━━━━━ Given information ━━━━━

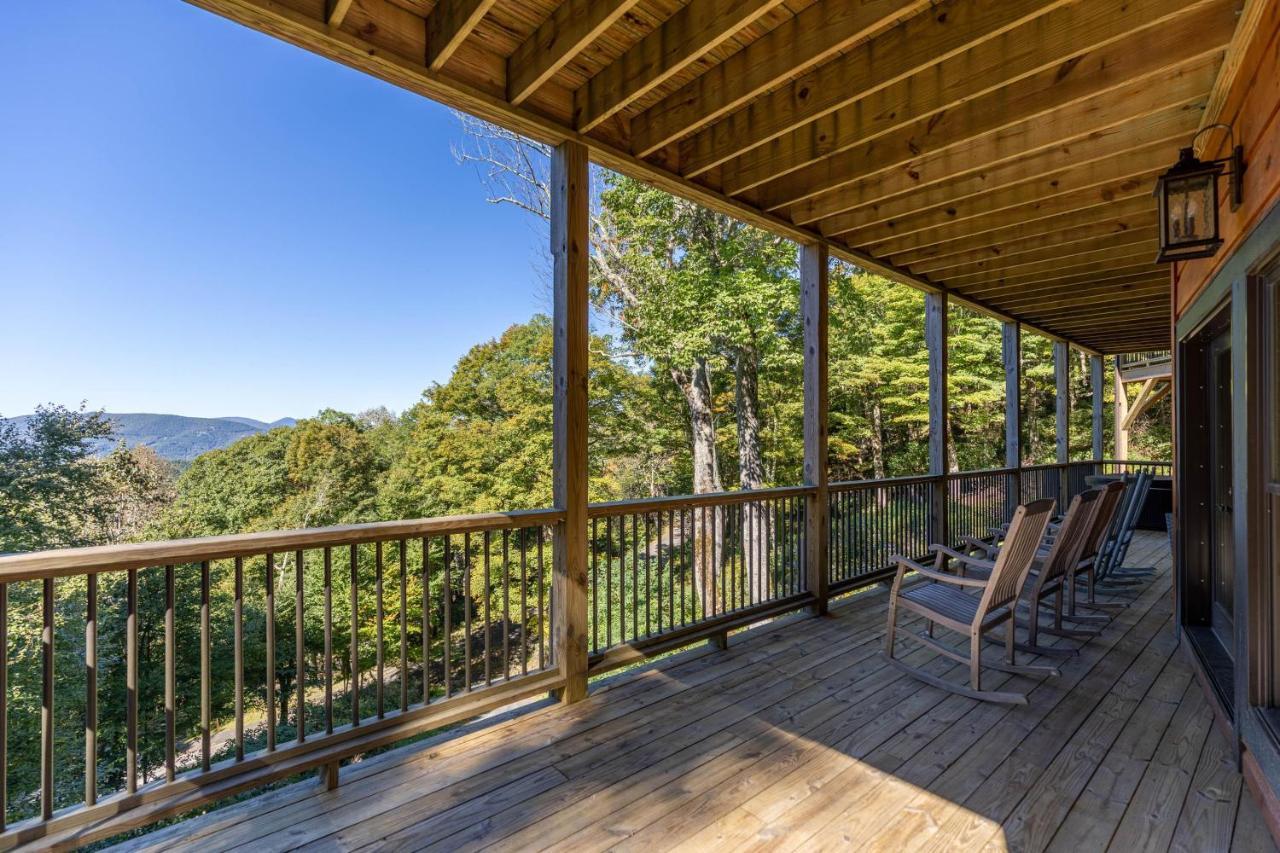 Rested Traveler Blowing Rock Eksteriør bilde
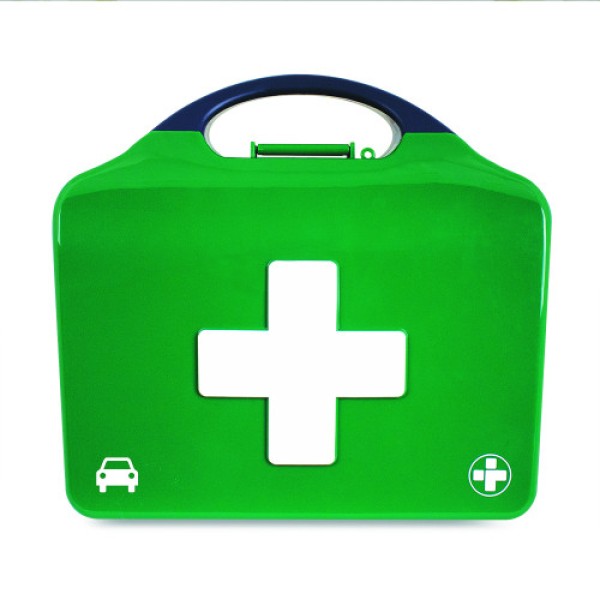 Reliance Large First Aid Motokit In Green Aura3 Box (RL3012)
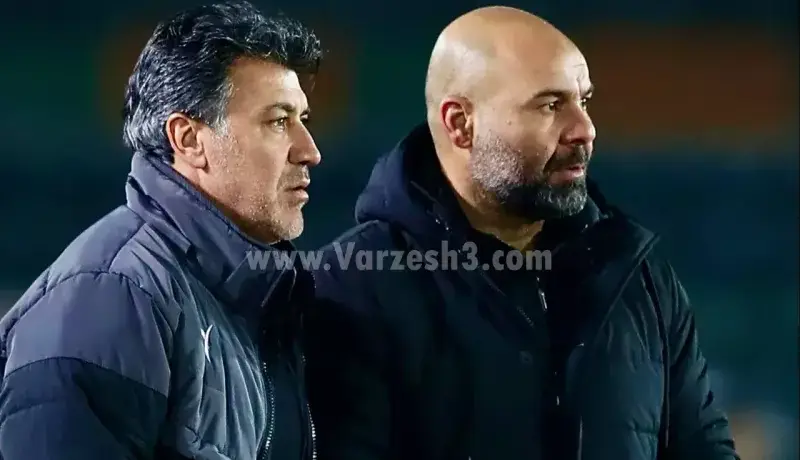 سرمربی فصل پیش استقلال گزینه تیم لیگ یک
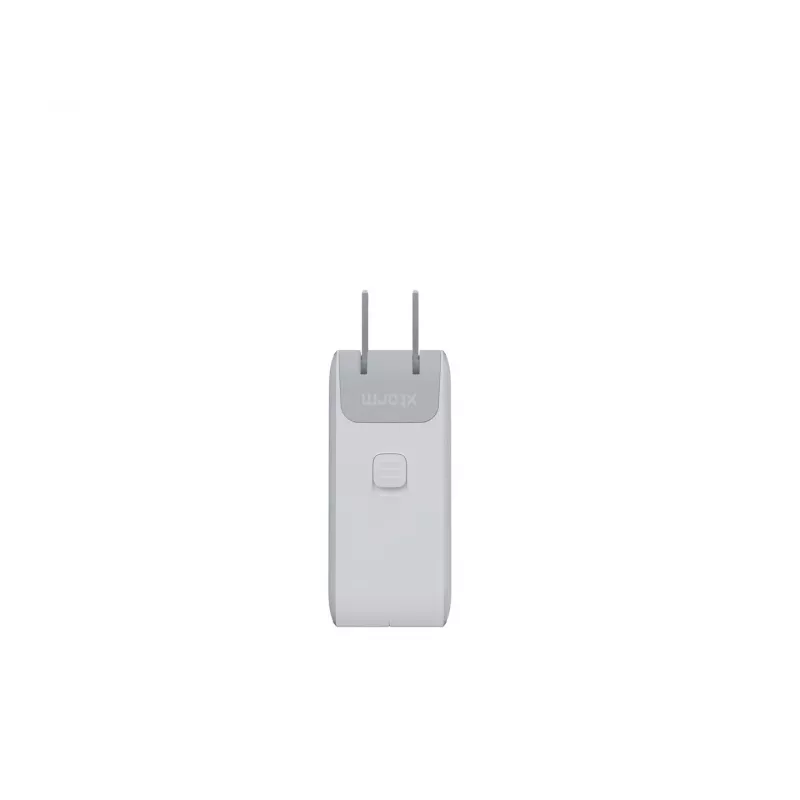 Xtorm 67W GaN-Ultra kelioninis įkroviklis su USB-C PD kabeliu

━━━━━

Instructions to follow: Return all the data above as written, leaving out only the pictures.

Response to the task:
 Rested Traveler Blowing Rock Eksteriør bilde
 Reliance Large First Aid Motokit In Green Aura3 Box (RL3012)
 سرمربی فصل پیش استقلال گزینه تیم لیگ یک
 Xtorm 67W GaN-Ultra kelioninis įkroviklis su USB-C PD kabeliu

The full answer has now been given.